Global 2000 enterprises today are looking to combine complex, multi-structured data from multiple sources – including existing data repositories, on-premise and SaaS applications, and third-party data – in order to answer pressing business questions. When combining three, four, six or more sources at one time, all it takes is for one of the sources in the mix to be complex to make the entire data prep and blending process a very complex, labor-intensive headache that leaves many business stakeholders dissatisfied with the process and results. ClearStory provides the speed and flexibility that businesses need to ask and answer questions quickly based on data that is constantly evolving and in flux.
Traditional data analysis solutions were not designed for the speed, flexibility, and business user profile and skills that most enterprises now demand. Organizations struggle with accessing, preparing, combining and analyzing data due to the complexity within the data sources and the skillsets of today’s users, who are typically not data scientists or expert analysts. ClearStory’s business-optimized usability, coupled with an intelligent, machine-based approach to discovering and combining data even on large, complex sources, ensures a fast, consistent and simple experience so anyone can be self-sufficient in combining data and answering questions.
Key components of ClearStory’s Intelligent Data Harmonization advances include:
Granular Scoring for Alternate Blending Recommendations: The advances in Data Harmonization allow discovery and assessment of how data sources can be combined, and generate more granular alternate scores. The ClearStory system recommends distinct blending options based on these granular scores, enabling users to select the system-driven recommendation, or select alternate strategies guided by the system in a business-friendly user model.
Seamless Coupling for Infinite Data Overlap Detection (IDOD): ClearStory’s Intelligent Data HarmonizationTM advancements let users extend and expand on the recently announced Infinite Data Overlap Detection (IDOD) capability, which provides the ability to infer and harmonize data sets across unlimited categorical values for all data types. Organizations in different industries and verticals can take advantage of IDOD to automate blending of industry and company-specific data sets quickly and accurately.
Faster Performance and Scale across More Complex Data and More Users: The new harmonization advancements speed discovery, scoring and recommendations by up to 20 times when combining many sources that each may have many attributes and dimensions. Performance and scale are especially critical for organizations that have many users simultaneously accessing the same sources and harmonizing data across them to answer different questions.

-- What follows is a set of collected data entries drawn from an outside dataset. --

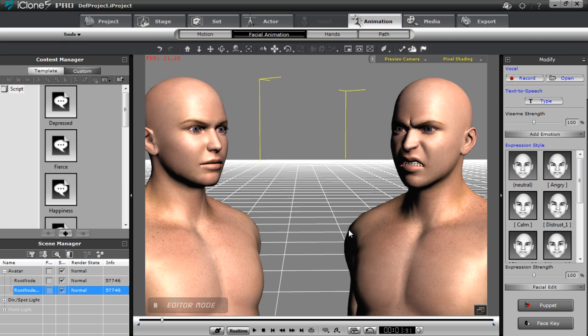Alright so that's basically it. That's how you can go into 3D Exchange. You can modify your character's facial expressions in Daz and in 3D Exchange. So go ahead and have fun. Do that on your own time. And hopefully you can create some pretty cool looking characters and some expressions.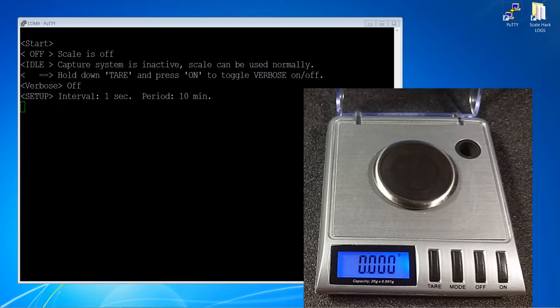You'll notice the default interval is one second and the default period is 10 minutes. These can be altered, but for now I'll just use these.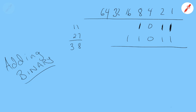With my new pen stylus here, 1 plus 1 in binary is 0 carry the 1. Of course you know that 2 in binary is 1 0, one group of 2 and 0 1s.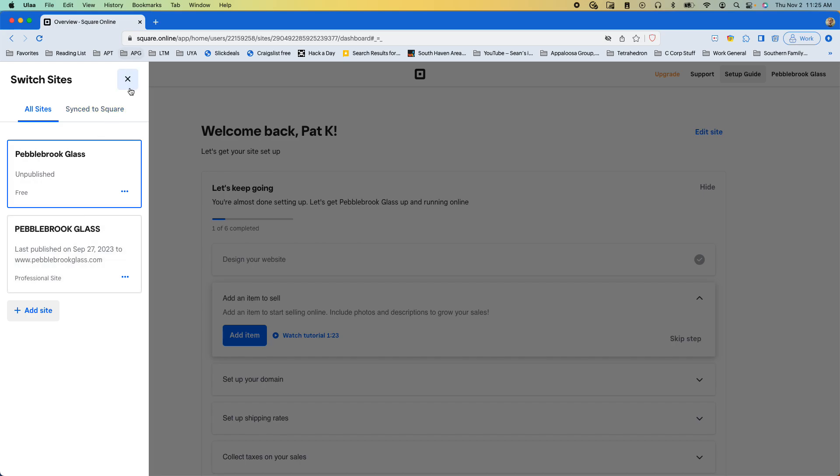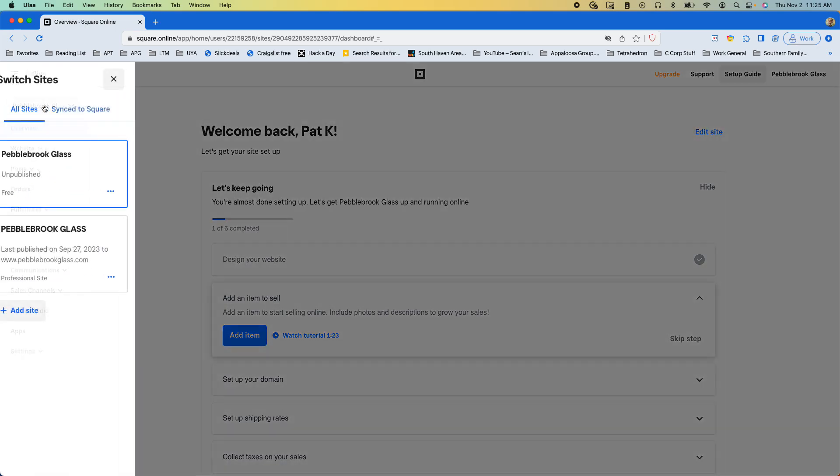So, at least for now, we need to go up here in the top left, where it offers us this drop-down that we can pull up. We pull that up, and we want to go to this second site. It's a professional site, pebblebrookglass in all caps, with the domain.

“With our new advances that deliver faster, automated data preparation and granular harmonization, we’ve added more data science smarts inside our Spark-based platform,” said Tim Howes, CTO of ClearStory Data. “Everyday business users and non-expert analysts can now benefit from less frustration and time spent wrangling with large, complex data sets. Our fast data discovery, harmonization usability, and more granular recommendations let users spend more time answering urgent business questions, reaching meaningful insights, and iterating on-the-fly.”